* **EXERCISE OBJECTIVE**
Every record below is to be repeated exactly, with the pictures left out.

* **EXERCISE DATA**
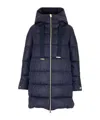 Herno Long Blue Down Jacket With Hood In Satin Woman In Black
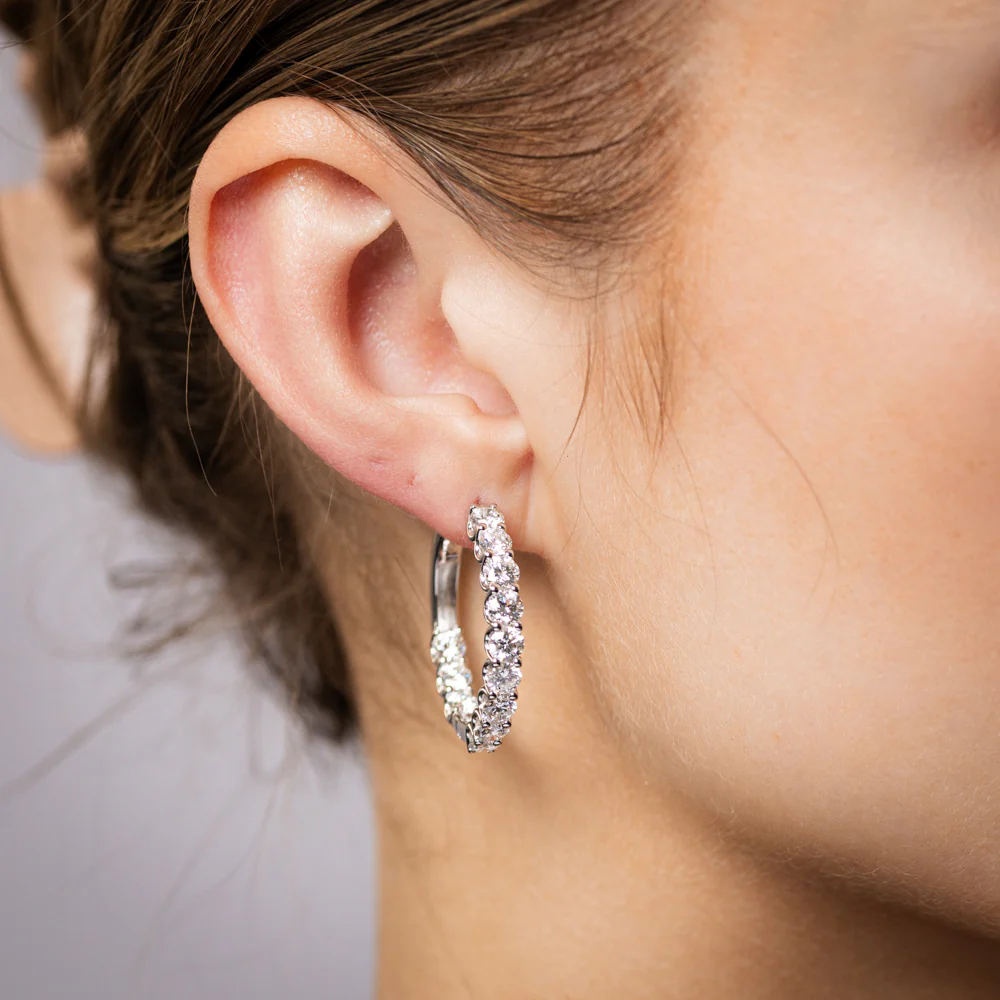 Luminesce Lab Grown 5 Carats Diamond Hoop Earrings in Sterling Silver - Image 2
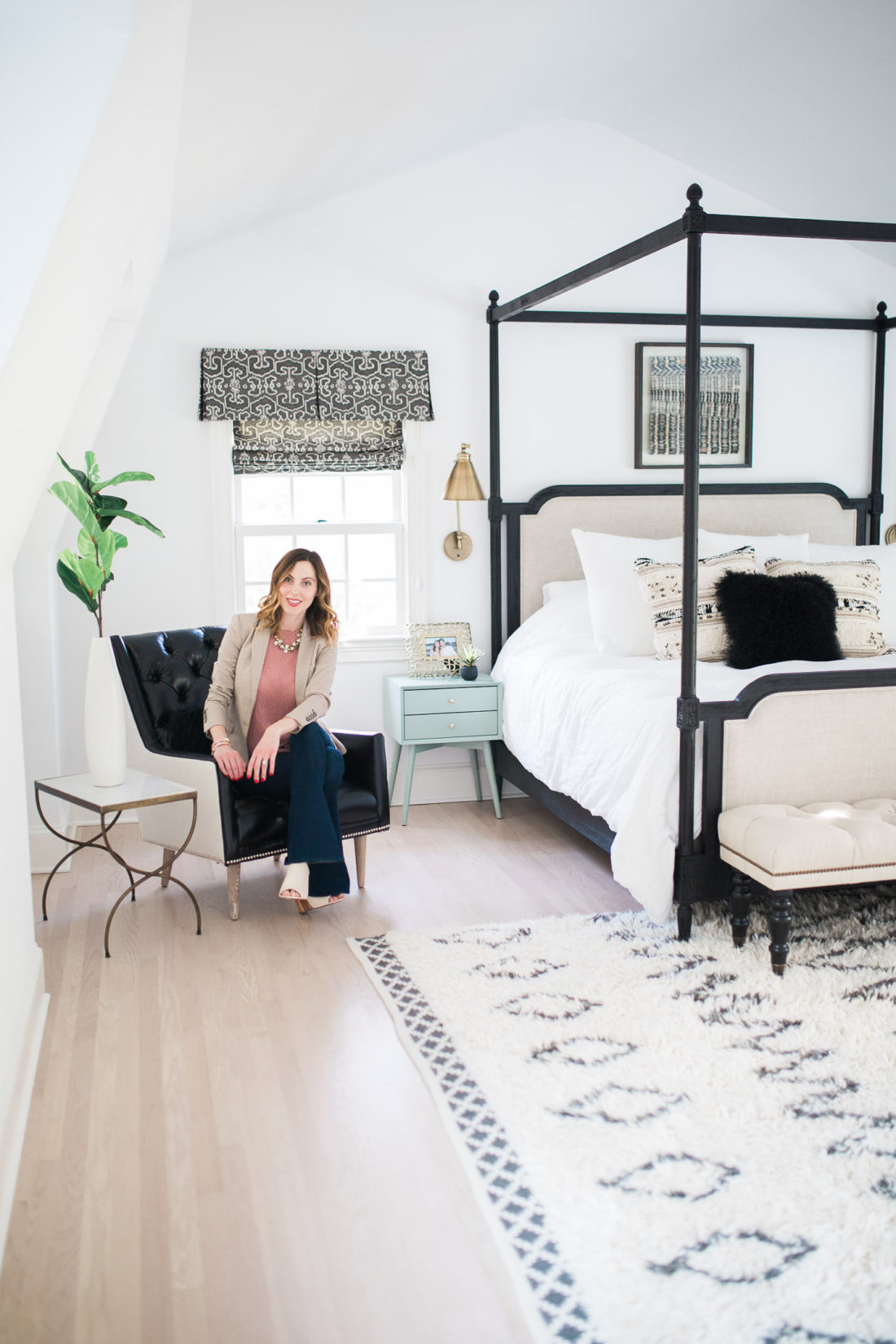 Eva Amurri Martino's black, white, and linen Master Bedroom at her home in Connecticut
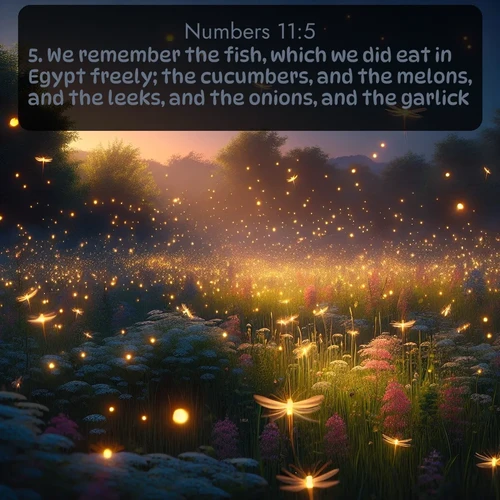 citation biblique : 5. We remember the fish, which we did eat in Egypt freely; the cucumbers, and the melons, and the leeks, and the onions, and the garlick:
 sur fond image nature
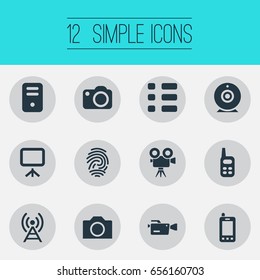 Vector Illustration Set Of Simple Hardware Icons. Elements Camera, Camcorder, Recording And Other Synonyms Contact, Film And Chip.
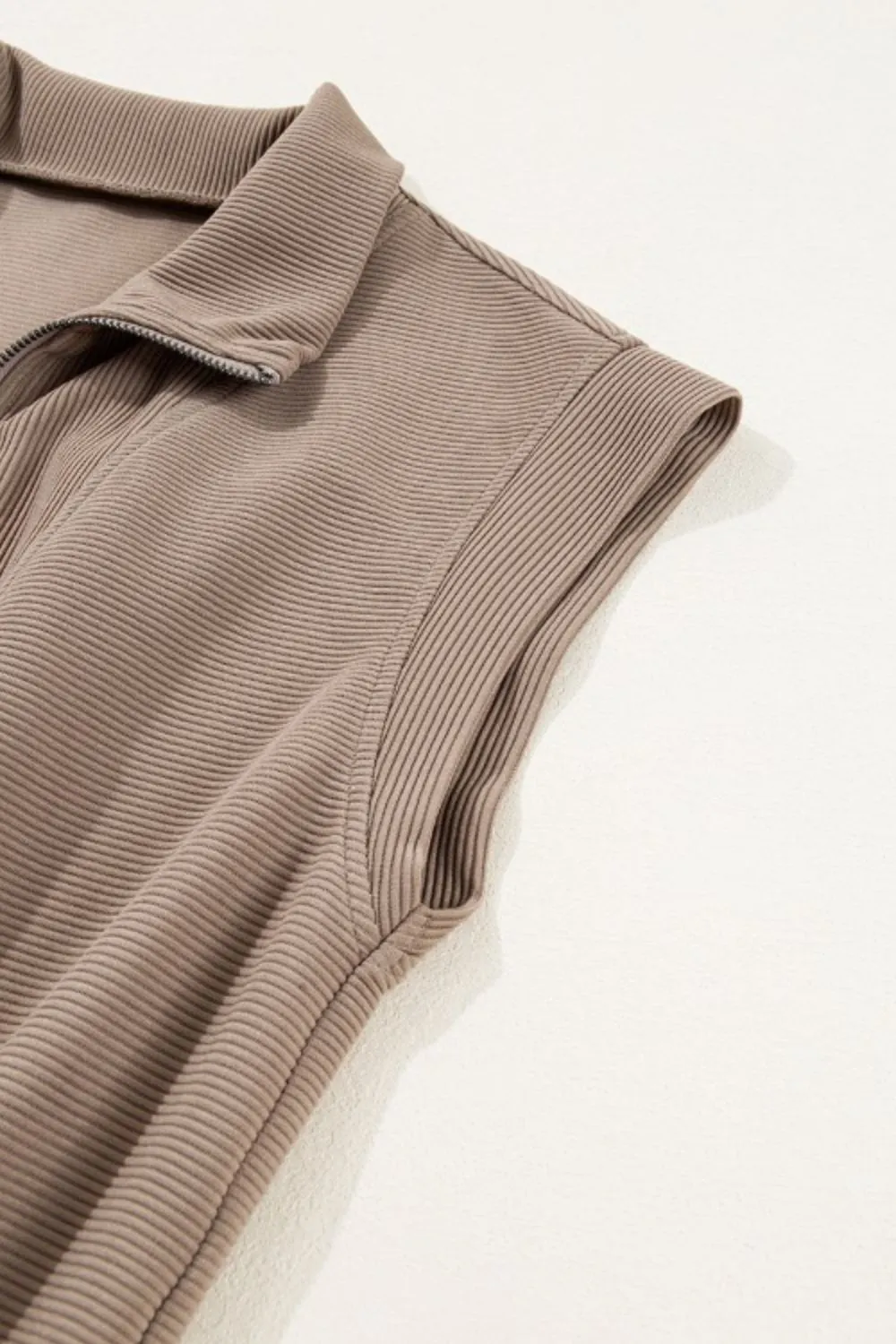 Textured Short Sleeve Half Zip Drawstring Waist Romper - Image 16
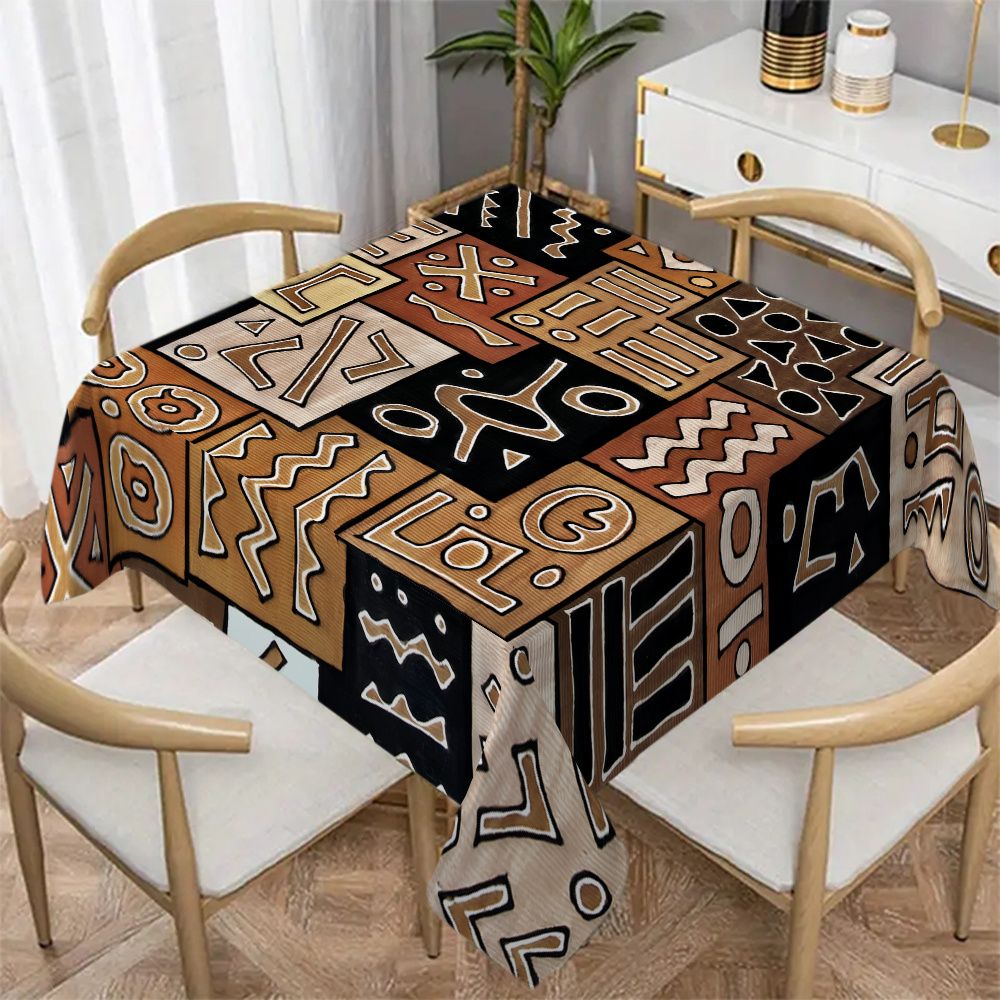 TEMU [1 stuks] Afrikaanse Etnische Stijl Symbool Gedrukte Tafelkleed Rechthoekig Tafelkleed, Tafelkleed Buitenfeest Tafelkleed Kleurrijk Tafelkleed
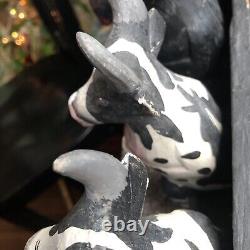 5 Folk Art Wooden Cows Bulls On A Bench Carved & Painted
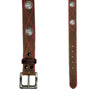 Brown Harness Leather with Conchos & Pink Figure 8 Stitching Western Belt
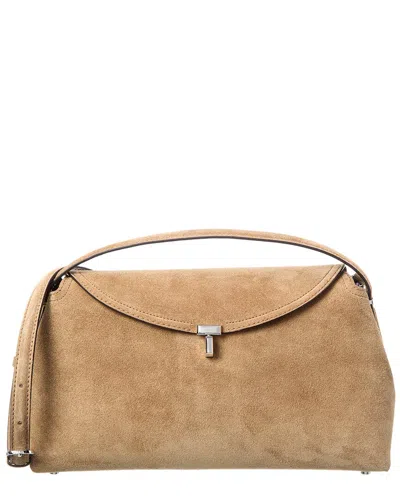 Totême Toteme T-lock Suede Satchel In Brown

* **TASK RESPONSE**
 Herno Long Blue Down Jacket With Hood In Satin Woman In Black
 Luminesce Lab Grown 5 Carats Diamond Hoop Earrings in Sterling Silver - Image 2
 Eva Amurri Martino's black, white, and linen Master Bedroom at her home in Connecticut
 citation biblique : 5. We remember the fish, which we did eat in Egypt freely; the cucumbers, and the melons, and the leeks, and the onions, and the garlick:
 sur fond image nature
 Vector Illustration Set Of Simple Hardware Icons. Elements Camera, Camcorder, Recording And Other Synonyms Contact, Film And Chip.
 Textured Short Sleeve Half Zip Drawstring Waist Romper - Image 16
 TEMU [1 stuks] Afrikaanse Etnische Stijl Symbool Gedrukte Tafelkleed Rechthoekig Tafelkleed, Tafelkleed Buitenfeest Tafelkleed Kleurrijk Tafelkleed
 5 Folk Art Wooden Cows Bulls On A Bench Carved & Painted
 Brown Harness Leather with Conchos & Pink Figure 8 Stitching Western Belt
 Totême Toteme T-lock Suede Satchel In Brown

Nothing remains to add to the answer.